Required work: An exact copy of all the entries below is what this task needs.

Information supplied:
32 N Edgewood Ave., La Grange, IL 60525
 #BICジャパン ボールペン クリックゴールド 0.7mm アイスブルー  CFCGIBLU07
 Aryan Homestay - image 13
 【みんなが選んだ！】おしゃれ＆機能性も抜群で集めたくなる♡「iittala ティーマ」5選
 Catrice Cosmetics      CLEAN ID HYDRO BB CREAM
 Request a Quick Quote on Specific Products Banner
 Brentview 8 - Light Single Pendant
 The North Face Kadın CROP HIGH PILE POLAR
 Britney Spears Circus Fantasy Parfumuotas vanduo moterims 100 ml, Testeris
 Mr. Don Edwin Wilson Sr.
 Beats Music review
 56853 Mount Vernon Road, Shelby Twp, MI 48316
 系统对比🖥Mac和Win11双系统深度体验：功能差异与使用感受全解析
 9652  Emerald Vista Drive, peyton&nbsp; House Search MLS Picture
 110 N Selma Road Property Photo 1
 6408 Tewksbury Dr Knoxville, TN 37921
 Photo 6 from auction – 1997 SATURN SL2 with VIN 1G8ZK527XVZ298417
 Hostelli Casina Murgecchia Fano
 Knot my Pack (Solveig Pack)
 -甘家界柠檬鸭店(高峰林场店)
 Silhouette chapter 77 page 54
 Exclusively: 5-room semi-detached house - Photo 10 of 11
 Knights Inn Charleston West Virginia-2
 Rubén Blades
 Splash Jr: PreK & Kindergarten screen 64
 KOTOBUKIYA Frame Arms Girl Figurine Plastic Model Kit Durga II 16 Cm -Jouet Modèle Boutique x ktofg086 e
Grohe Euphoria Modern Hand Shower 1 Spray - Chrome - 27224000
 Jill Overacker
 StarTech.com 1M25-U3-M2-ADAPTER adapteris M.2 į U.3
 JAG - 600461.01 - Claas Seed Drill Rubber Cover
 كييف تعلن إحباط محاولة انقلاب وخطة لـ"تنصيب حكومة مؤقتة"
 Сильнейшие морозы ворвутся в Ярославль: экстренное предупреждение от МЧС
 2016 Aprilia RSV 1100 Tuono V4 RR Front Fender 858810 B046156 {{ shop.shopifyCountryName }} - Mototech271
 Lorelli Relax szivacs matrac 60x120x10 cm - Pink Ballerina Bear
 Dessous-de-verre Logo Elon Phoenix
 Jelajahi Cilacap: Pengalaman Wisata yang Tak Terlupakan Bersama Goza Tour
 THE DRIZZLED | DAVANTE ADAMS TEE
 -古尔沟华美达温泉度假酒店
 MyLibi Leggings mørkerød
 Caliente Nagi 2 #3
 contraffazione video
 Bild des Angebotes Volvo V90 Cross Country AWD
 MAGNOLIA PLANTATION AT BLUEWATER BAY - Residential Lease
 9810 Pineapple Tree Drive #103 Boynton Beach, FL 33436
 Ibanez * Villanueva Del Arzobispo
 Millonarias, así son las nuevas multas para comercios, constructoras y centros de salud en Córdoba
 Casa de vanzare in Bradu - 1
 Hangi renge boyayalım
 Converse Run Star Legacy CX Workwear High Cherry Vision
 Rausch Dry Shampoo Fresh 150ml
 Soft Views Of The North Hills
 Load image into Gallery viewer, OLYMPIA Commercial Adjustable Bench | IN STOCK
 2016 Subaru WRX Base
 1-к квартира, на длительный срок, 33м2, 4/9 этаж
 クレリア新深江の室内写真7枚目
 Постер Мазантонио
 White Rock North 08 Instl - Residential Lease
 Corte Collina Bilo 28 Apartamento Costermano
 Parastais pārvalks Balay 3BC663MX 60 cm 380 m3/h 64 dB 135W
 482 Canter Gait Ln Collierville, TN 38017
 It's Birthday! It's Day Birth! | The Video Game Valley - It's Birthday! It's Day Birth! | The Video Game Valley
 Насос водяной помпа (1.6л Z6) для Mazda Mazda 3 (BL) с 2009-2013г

Answer section:
32 N Edgewood Ave., La Grange, IL 60525
 #BICジャパン ボールペン クリックゴールド 0.7mm アイスブルー  CFCGIBLU07
 Aryan Homestay - image 13
 【みんなが選んだ！】おしゃれ＆機能性も抜群で集めたくなる♡「iittala ティーマ」5選
 Catrice Cosmetics      CLEAN ID HYDRO BB CREAM
 Request a Quick Quote on Specific Products Banner
 Brentview 8 - Light Single Pendant
 The North Face Kadın CROP HIGH PILE POLAR
 Britney Spears Circus Fantasy Parfumuotas vanduo moterims 100 ml, Testeris
 Mr. Don Edwin Wilson Sr.
 Beats Music review
 56853 Mount Vernon Road, Shelby Twp, MI 48316
 系统对比🖥Mac和Win11双系统深度体验：功能差异与使用感受全解析
 9652  Emerald Vista Drive, peyton&nbsp; House Search MLS Picture
 110 N Selma Road Property Photo 1
 6408 Tewksbury Dr Knoxville, TN 37921
 Photo 6 from auction – 1997 SATURN SL2 with VIN 1G8ZK527XVZ298417
 Hostelli Casina Murgecchia Fano
 Knot my Pack (Solveig Pack)
 -甘家界柠檬鸭店(高峰林场店)
 Silhouette chapter 77 page 54
 Exclusively: 5-room semi-detached house - Photo 10 of 11
 Knights Inn Charleston West Virginia-2
 Rubén Blades
 Splash Jr: PreK & Kindergarten screen 64
 KOTOBUKIYA Frame Arms Girl Figurine Plastic Model Kit Durga II 16 Cm -Jouet Modèle Boutique x ktofg086 e
Grohe Euphoria Modern Hand Shower 1 Spray - Chrome - 27224000
 Jill Overacker
 StarTech.com 1M25-U3-M2-ADAPTER adapteris M.2 į U.3
 JAG - 600461.01 - Claas Seed Drill Rubber Cover
 كييف تعلن إحباط محاولة انقلاب وخطة لـ"تنصيب حكومة مؤقتة"
 Сильнейшие морозы ворвутся в Ярославль: экстренное предупреждение от МЧС
 2016 Aprilia RSV 1100 Tuono V4 RR Front Fender 858810 B046156 {{ shop.shopifyCountryName }} - Mototech271
 Lorelli Relax szivacs matrac 60x120x10 cm - Pink Ballerina Bear
 Dessous-de-verre Logo Elon Phoenix
 Jelajahi Cilacap: Pengalaman Wisata yang Tak Terlupakan Bersama Goza Tour
 THE DRIZZLED | DAVANTE ADAMS TEE
 -古尔沟华美达温泉度假酒店
 MyLibi Leggings mørkerød
 Caliente Nagi 2 #3
 contraffazione video
 Bild des Angebotes Volvo V90 Cross Country AWD
 MAGNOLIA PLANTATION AT BLUEWATER BAY - Residential Lease
 9810 Pineapple Tree Drive #103 Boynton Beach, FL 33436
 Ibanez * Villanueva Del Arzobispo
 Millonarias, así son las nuevas multas para comercios, constructoras y centros de salud en Córdoba
 Casa de vanzare in Bradu - 1
 Hangi renge boyayalım
 Converse Run Star Legacy CX Workwear High Cherry Vision
 Rausch Dry Shampoo Fresh 150ml
 Soft Views Of The North Hills
 Load image into Gallery viewer, OLYMPIA Commercial Adjustable Bench | IN STOCK
 2016 Subaru WRX Base
 1-к квартира, на длительный срок, 33м2, 4/9 этаж
 クレリア新深江の室内写真7枚目
 Постер Мазантонио
 White Rock North 08 Instl - Residential Lease
 Corte Collina Bilo 28 Apartamento Costermano
 Parastais pārvalks Balay 3BC663MX 60 cm 380 m3/h 64 dB 135W
 482 Canter Gait Ln Collierville, TN 38017
 It's Birthday! It's Day Birth! | The Video Game Valley - It's Birthday! It's Day Birth! | The Video Game Valley
 Насос водяной помпа (1.6л Z6) для Mazda Mazda 3 (BL) с 2009-2013г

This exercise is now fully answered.